This section gives a brief overview, introduces the data used for the course, and offers a refresher for tidy data manipulation and visualization.
1.1 Overview
This course covers several topics, which everyone working more intently with the tidyverse
almost inevitably needs to deal with at some point or another.
The topics are organized in chapters that contain mostly R code with output and text.
In each section, exercises are provided.
Each subsection corresponds to an R script in the script
directory in the sister repository on GitHub.
For example, the code from the next section 1.2 can be found in 12-intro.R
.
Clone or download the repository and open the R-workshop.Rproj
file to run the script.
(It is important to open the .Rproj
file and not only the .R
scripts.)
Function basics
structuring the code to avoid too much copy-pasting
Using functions to structure code.
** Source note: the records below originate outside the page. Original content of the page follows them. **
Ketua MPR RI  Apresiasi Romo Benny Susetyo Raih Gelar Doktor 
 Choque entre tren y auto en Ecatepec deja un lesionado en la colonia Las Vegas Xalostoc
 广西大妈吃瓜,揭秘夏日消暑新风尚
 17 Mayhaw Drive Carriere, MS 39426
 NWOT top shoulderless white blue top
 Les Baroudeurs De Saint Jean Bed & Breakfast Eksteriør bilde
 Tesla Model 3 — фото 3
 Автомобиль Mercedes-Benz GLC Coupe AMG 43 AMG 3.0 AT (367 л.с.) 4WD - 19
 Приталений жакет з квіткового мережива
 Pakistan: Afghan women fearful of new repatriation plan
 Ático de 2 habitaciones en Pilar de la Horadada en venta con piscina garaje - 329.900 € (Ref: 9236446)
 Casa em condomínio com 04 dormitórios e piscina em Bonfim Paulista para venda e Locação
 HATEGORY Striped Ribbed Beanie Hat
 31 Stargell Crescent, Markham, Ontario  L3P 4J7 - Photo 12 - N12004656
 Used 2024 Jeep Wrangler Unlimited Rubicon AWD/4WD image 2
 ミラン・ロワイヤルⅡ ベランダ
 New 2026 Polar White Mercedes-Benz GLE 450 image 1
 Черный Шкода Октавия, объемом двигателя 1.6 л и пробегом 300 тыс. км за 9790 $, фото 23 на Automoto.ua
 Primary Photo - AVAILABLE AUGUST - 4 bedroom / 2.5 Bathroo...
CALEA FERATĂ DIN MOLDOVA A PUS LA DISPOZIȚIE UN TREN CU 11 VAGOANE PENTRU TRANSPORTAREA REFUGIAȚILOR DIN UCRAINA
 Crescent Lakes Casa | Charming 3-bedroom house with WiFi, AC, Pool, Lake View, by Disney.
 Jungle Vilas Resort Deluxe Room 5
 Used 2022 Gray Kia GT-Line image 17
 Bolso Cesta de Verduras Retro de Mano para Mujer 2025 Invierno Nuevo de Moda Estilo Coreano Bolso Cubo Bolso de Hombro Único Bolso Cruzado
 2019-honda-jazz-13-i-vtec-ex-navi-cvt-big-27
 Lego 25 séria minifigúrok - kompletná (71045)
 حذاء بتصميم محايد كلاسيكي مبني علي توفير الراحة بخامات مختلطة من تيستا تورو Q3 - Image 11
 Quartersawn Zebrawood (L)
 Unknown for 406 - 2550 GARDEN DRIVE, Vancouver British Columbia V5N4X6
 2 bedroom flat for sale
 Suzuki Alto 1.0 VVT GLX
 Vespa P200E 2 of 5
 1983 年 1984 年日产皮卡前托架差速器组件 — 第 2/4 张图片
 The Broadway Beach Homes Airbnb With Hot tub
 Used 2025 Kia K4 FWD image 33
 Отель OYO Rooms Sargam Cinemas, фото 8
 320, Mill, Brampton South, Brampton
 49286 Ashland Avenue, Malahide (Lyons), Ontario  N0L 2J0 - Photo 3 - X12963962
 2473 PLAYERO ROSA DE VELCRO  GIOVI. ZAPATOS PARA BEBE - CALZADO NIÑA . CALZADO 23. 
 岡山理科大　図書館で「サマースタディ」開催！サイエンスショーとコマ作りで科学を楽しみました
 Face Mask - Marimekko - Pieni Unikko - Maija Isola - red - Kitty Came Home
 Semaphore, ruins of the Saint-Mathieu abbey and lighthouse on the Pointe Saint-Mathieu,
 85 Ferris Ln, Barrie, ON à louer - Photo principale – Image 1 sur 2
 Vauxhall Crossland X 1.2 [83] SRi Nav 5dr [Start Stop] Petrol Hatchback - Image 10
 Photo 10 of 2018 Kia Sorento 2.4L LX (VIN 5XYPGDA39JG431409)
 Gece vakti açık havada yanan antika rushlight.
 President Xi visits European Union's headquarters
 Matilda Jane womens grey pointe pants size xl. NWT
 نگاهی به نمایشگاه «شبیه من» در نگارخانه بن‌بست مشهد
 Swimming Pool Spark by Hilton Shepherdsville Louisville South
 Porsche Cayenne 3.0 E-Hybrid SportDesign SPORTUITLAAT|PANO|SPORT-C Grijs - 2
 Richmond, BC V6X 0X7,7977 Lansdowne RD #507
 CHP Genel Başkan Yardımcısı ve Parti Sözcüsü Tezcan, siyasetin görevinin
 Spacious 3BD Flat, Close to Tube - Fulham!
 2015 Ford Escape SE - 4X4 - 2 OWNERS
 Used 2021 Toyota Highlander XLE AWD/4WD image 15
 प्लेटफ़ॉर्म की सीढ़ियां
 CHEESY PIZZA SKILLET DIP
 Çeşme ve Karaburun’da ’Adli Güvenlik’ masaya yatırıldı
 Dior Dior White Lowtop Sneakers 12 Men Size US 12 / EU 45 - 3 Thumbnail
This part is independent of the subsequent section.
- We begin with how to define and execute a function
- Discussion of a function’s arguments (from both the developers’ and the users’ perspective)
- A few words on function design
Simple iteration
processing multiple files that contain different parts of the same dataset
This part introduces iteration and is independent of the previous section.
- How to get from a list or a vector to a tibble and vice-versa
- Indexing for vectors and lists
- Applying a function to each element of a list or a vector
Pairwise iteration and nesting
More advanced iteration.
- Simultaneously feed two or more separate lists of inputs into a function working with those two arguments
- Iterate rowwise through columns in a tibble
- Nested tibbles, a very powerful concept
Scoping and flow control
More advanced functional concepts.
- Data lifecycle
- Purity
- Control flow
- Metaprogramming
Non-rectangular data
working with raw data from online services (JSON)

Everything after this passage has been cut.